De beelden (re)presenteren een wereld; een houding ten opzichte van het vak (beeldhouwen) en het materiaal (steen); (re)presenteren een idee over een positie van het beeld in de ruimte en in de maatschappij. Het beeld staat in een bepaalde traditie en zet deze ook weer voort; kortom het contact met jouw werk leidt tot overpeinzingen en vragen, gedreven door verwondering, waarop de antwoorden – als deze er al zijn – waarschijnlijk alleen door jou gegeven kunnen worden.
Voel je niet verplicht om op deze opmerkingen/vragen te reageren; het opschrijven brengt al een bepaalde ordening aan en je kunt dit schrijven ook zien als informatie hoe iemand die jouw werk zeer waardeert, daarover nadenkt.
Een citaat dat ik vond bij Vitruvius (handboek Bouwkunde, boek 6, par. 1) geeft die fascinatie eigenlijk al goed weer: “Toen de filosoof Aristippus, een leerling van Socrates, na een schipbreuk op het strand van Rhodos was geworpen en daar geometrische figuren getekend zag, riep hij: ‘Het ziet er hoopvol voor ons uit, want ik zie sporen van mensen’.”
Dat is bij jouw werk – los nog even van alle andere facetten, waarover later meer – ook het geval. Het ziet er hoopvol uit, want ik zie sporen van mensen. De ingreep in de steen voegt een meerwaarde toe, voegt meer waarde toe aan de steen. De steen in de natuur, zoals er duizenden liggen op diverse plaatsen, geven wij nauwelijks aandacht. Soms kunnen we ‘gepakt’ worden door een bijzondere vorm, omdat een steen gelijk op een menselijke artefact of iets dergelijks. Of omdat er tekens of krassen op te zien zijn, die lijken op menselijke sporen, of omdat de steen drager is van sporen uit het verleden, fossielen bijvoorbeeld. Pas als de mens een steen uitkiest en deze gaat bewerken of met andere stenen gaat samenvoegen, dan wordt onze interesse gewekt. Twee stenen op elkaar of tegenover elkaar gezet is misschien wel de eerste sculptuur. Of misschien is het de kras of het teken aangebracht in de ‘huid’ van de steen; daar en dan begint het. En het is ontroerend te zien dat de mens opstaat, de moeite neemt, zich sterk genoeg waant, om iets van zichzelf, een teken of een boodschap aan te brengen en achter te laten. Niet perse om te zeggen ‘hier ben ik’, maar vooral om zijn wereld af te bakenen en te begrijpen wie hij is. En omgedraaid: een spoor zien op een steen betekent dat je niet alleen bent… er is iemand jou voorgegaan, er zijn mensen, er is hoop.
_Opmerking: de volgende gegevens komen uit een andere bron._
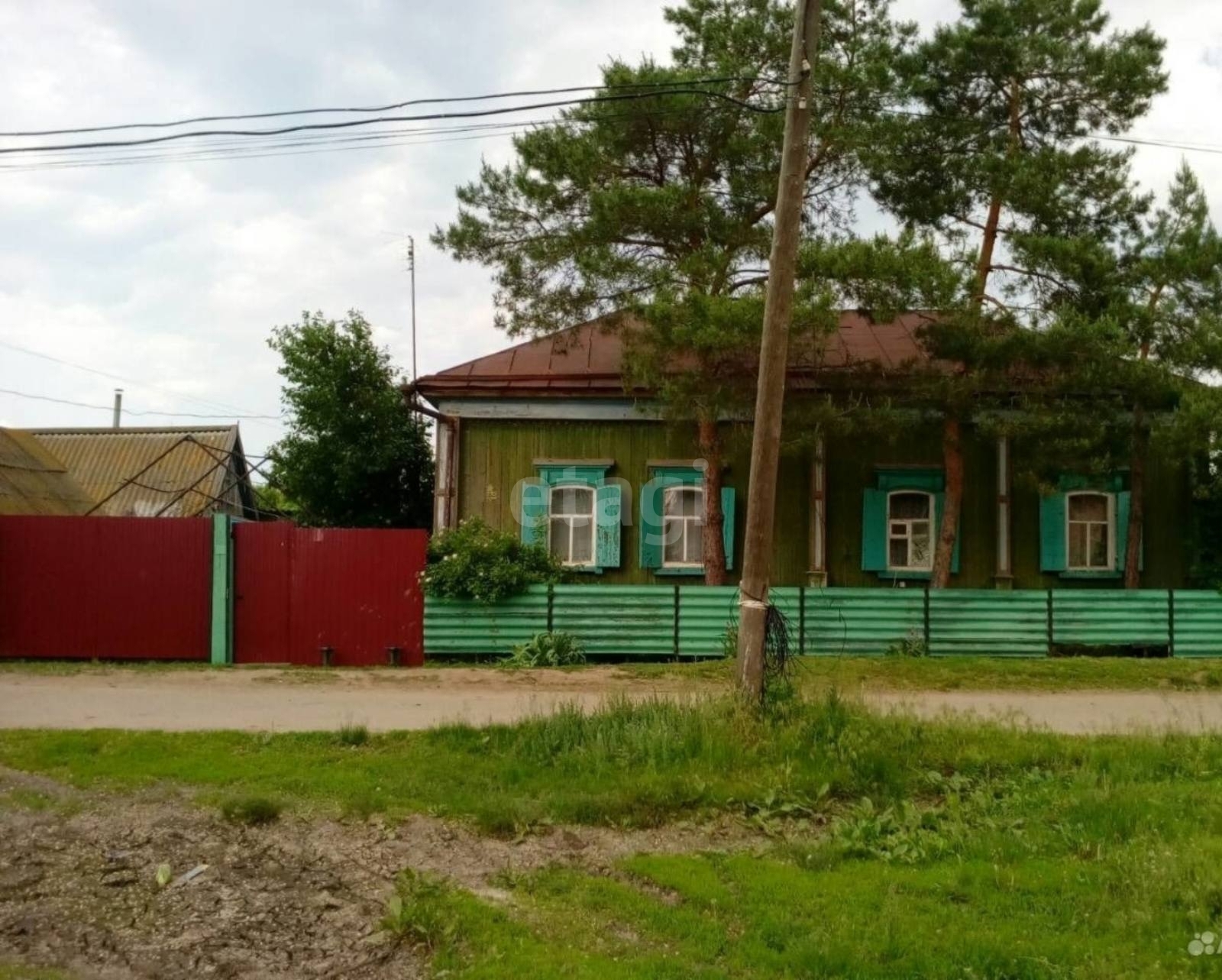 Село приволжское. С Приволжское Ровенского района Саратовской области. Село Приволжское Ровенский район. Поселок Ровенский. Приволжское Ровенский район улица Первомайская.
Een tweede citaat (ik weet alleen niet meer waar ik het gevonden heb): “Het steenhouwen is onomkeerbaar, er is geen weg terug.”
In jouw werk zie je duidelijk de liefde voor (de) steen. Maar wat betekent dit eigenlijk: is er liefde voor de steen voor wat die is, met de miljoenen jaren geschiedenis, of is dit liefde voor wat de steen kan zijn, na of door de bewerking/aantasting die je als beeldhouwer gaat uitvoeren?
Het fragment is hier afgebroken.